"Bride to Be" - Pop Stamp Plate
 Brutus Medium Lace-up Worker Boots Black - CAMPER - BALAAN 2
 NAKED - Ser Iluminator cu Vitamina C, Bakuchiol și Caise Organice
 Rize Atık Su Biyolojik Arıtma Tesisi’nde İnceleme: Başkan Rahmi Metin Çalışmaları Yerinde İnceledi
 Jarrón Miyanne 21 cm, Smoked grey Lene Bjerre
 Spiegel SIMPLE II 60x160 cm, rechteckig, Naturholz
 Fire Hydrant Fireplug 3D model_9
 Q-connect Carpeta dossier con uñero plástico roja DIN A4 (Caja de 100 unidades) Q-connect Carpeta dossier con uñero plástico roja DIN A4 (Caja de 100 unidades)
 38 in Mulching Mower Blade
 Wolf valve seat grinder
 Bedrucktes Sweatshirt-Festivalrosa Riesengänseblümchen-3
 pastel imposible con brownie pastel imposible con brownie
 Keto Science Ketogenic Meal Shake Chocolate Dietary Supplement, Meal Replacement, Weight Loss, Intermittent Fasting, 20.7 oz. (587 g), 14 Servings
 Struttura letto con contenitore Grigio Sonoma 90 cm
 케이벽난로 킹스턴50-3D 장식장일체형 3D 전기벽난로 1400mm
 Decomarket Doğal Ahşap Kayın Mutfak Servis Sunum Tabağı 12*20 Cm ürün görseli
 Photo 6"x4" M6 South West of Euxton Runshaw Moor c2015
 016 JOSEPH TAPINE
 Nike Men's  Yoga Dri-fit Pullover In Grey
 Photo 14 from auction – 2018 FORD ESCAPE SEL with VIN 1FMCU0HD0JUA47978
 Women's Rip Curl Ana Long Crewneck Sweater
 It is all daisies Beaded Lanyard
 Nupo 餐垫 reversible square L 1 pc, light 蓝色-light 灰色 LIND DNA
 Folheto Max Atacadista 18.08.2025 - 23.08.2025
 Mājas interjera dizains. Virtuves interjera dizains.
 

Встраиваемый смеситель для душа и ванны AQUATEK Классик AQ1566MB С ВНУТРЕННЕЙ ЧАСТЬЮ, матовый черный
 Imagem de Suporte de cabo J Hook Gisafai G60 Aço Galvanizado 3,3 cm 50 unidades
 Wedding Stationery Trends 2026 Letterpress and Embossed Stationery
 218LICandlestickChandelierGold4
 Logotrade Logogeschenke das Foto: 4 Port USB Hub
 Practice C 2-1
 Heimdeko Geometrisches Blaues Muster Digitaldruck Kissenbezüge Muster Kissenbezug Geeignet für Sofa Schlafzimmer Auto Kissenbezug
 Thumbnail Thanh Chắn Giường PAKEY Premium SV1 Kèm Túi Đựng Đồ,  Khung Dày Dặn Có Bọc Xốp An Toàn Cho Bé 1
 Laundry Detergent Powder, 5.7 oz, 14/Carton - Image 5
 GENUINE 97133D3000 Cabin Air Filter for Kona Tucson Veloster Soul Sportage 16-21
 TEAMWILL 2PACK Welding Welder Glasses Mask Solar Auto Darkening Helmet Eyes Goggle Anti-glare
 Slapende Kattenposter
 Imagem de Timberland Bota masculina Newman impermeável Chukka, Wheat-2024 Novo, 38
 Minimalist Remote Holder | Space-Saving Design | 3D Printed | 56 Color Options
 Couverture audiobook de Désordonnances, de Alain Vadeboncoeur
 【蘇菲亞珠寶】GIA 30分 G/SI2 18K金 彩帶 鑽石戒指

=-=-=-=-=

Only the lines from the one bearing "Thumbnail Thanh Chắn" through the end of the entries above belong in the answer, each one exactly as given.

- _TASK RESPONSE_
 Thumbnail Thanh Chắn Giường PAKEY Premium SV1 Kèm Túi Đựng Đồ,  Khung Dày Dặn Có Bọc Xốp An Toàn Cho Bé 1
 Laundry Detergent Powder, 5.7 oz, 14/Carton - Image 5
 GENUINE 97133D3000 Cabin Air Filter for Kona Tucson Veloster Soul Sportage 16-21
 TEAMWILL 2PACK Welding Welder Glasses Mask Solar Auto Darkening Helmet Eyes Goggle Anti-glare
 Slapende Kattenposter
 Imagem de Timberland Bota masculina Newman impermeável Chukka, Wheat-2024 Novo, 38
 Minimalist Remote Holder | Space-Saving Design | 3D Printed | 56 Color Options
 Couverture audiobook de Désordonnances, de Alain Vadeboncoeur
 【蘇菲亞珠寶】GIA 30分 G/SI2 18K金 彩帶 鑽石戒指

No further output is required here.